>>>
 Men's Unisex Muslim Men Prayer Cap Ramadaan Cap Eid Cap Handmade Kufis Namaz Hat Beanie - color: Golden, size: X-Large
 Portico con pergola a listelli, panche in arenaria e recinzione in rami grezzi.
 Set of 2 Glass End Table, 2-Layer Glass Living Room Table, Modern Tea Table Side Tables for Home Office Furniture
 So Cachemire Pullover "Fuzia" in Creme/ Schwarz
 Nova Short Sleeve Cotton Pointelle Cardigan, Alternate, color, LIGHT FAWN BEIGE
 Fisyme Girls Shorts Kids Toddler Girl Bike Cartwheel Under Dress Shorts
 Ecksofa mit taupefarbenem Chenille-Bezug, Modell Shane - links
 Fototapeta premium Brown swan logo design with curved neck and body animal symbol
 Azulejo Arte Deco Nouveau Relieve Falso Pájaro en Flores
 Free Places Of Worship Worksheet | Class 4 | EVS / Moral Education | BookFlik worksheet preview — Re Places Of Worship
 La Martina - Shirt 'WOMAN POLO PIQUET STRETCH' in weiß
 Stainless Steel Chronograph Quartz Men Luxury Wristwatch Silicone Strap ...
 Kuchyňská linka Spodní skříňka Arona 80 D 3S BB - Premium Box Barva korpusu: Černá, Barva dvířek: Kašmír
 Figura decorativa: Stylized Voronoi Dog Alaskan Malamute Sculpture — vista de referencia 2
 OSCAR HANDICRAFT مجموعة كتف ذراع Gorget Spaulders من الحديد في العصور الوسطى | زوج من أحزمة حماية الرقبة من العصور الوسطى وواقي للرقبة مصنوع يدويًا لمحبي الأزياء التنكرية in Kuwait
<<<
> _What you need to do_
Whatever lies between the line containing "Portico con pergola" and the final line above, both included, must be returned exactly.

> _Answer for the task_
 Portico con pergola a listelli, panche in arenaria e recinzione in rami grezzi.
 Set of 2 Glass End Table, 2-Layer Glass Living Room Table, Modern Tea Table Side Tables for Home Office Furniture
 So Cachemire Pullover "Fuzia" in Creme/ Schwarz
 Nova Short Sleeve Cotton Pointelle Cardigan, Alternate, color, LIGHT FAWN BEIGE
 Fisyme Girls Shorts Kids Toddler Girl Bike Cartwheel Under Dress Shorts
 Ecksofa mit taupefarbenem Chenille-Bezug, Modell Shane - links
 Fototapeta premium Brown swan logo design with curved neck and body animal symbol
 Azulejo Arte Deco Nouveau Relieve Falso Pájaro en Flores
 Free Places Of Worship Worksheet | Class 4 | EVS / Moral Education | BookFlik worksheet preview — Re Places Of Worship
 La Martina - Shirt 'WOMAN POLO PIQUET STRETCH' in weiß
 Stainless Steel Chronograph Quartz Men Luxury Wristwatch Silicone Strap ...
 Kuchyňská linka Spodní skříňka Arona 80 D 3S BB - Premium Box Barva korpusu: Černá, Barva dvířek: Kašmír
 Figura decorativa: Stylized Voronoi Dog Alaskan Malamute Sculpture — vista de referencia 2
 OSCAR HANDICRAFT مجموعة كتف ذراع Gorget Spaulders من الحديد في العصور الوسطى | زوج من أحزمة حماية الرقبة من العصور الوسطى وواقي للرقبة مصنوع يدويًا لمحبي الأزياء التنكرية in Kuwait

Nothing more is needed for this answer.